# Enthalpy and it's use in Gibb's Free Energy

1. Nov 26, 2009

### cavalier

Lately I've been struggling with the idea of enthalpy and what it means conceptually, especially in its use in Gibb's free energy. There is nothing in the definition of change in enthalpy that would connect logically to spontaneity or free energy.

After thinking about it for a couple days, here are my ideas about spontaneity. I expect some or even all of them to be wrong, so it would help me very much if someone could correct my mistakes or show me where I managed to get things right.
1. Enthalpy is just a way of measuring the energy released by something at constant pressure. We could measure it using the change in internal energy at constant volume, but in that case pressure would not be constant.
2. Things tend to become disordered because disorder is statistically favored. Things also tend to want to lose potential energy. It takes a certain amount of the latter tendency to overcome the former tendency and vice versa.
3. $$\Delta G=\Delta H - T\Delta S$$ is just a way of apply (2) to systems of gases, most of the time involving chemical reactions.
4. $$\Delta G=-nF\Delta E$$ is an application of (2) to electrochemistry.
5. Any spontaneous changes where entropy decreases is accompanied and balanced out by the conversion of potential energy into other forms.

2. Nov 26, 2009

### Gerenuk

You ask good questions. I think that is the way to understand physics.
You seem to have used "applications" of enthalpy only, which isn't best to understand it's origins. I try to explain the view I'm comfortable with.

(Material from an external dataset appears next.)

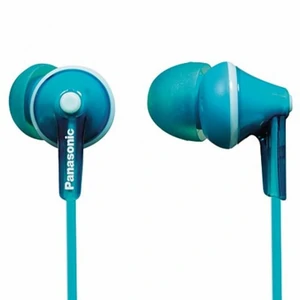 Навушники внутрішнього типу PANASONIC RP-HJE125E-Z Turquoise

First I should say that all laws are originally expressed at differentials like
$$\mathrm{d}E=T\mathrm{d}S-p\mathrm{d}V$$
That is important. All other equations are special cases only. The definition of enthalpy is
$$H=E+pV$$
That has only mathematical reasons, as with this definition the differential now uses another variable (Legendre transformation)
$$\mathrm{d}H=T\mathrm{d}S+V\mathrm{d}p$$

Now in a constant pressure process ($\mathrm{d}p=0$, $\mathrm{d}Q=T\mathrm{d}S$) we have exactly
$$Q=\Delta H\qquad(\text{const }p)$$
That's why the heat in a chemical reaction is given by the change in enthalpy.

The free energy concept is something else. Maybe you can find a good statistical mechanics book (Reichl maybe?) and look up the section about "availability". Basically if you have a system in contact with an environment, then the total entropy of these two system can only increase. Consequently the work that you can extract from the system will be equal to
$$A=E-T_\text{envir}S+p_\text{envir}V$$
Incidently for processes with some defined values in the final variables this availability will be equal to the change in one of the 4 thermodynamic potentials (E, F, H, G). Have a look at the section.

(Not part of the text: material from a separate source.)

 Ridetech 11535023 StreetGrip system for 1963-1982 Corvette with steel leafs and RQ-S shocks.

Enthalpy is rather the change of plain heat Q in a processes where pressure is kept constant.
The work at constant pressure is of course $W=-p\Delta V$.

It is not a law that things want to lose energy! The only real law says that total entropy (system+environment) wants to increase. The statement that "free energy" should minimize derives from it under special circumstances. One can show that the increase of total entropy (system+environment) is equivalent to the statement that the Gibbs free energy of the system wants to decrease, if you consider only final states that have a defined pressure and temperature.
And btw, you can conclude that the normal internal energy of the system goes to a minimum, if we have defined value of entropy and volume of the final state.

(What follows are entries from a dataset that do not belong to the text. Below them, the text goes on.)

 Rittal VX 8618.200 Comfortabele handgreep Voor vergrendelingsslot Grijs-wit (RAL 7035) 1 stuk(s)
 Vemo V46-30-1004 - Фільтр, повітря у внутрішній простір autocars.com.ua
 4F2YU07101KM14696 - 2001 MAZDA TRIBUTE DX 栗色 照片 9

The importance for chemistry stems from the fact that
a) if you want to know the heat at constant pressure you need the difference in enthalpy
b) since after the experiment you have a defined temperature and pressure, you want to minimize Gibbs free energy in order to find the final state

The total entropy never decreases. There is no statement about the entropy of the components. Saying the individual entropy is balanced out is very hand-wavy, but maybe some people find it useful to think this way.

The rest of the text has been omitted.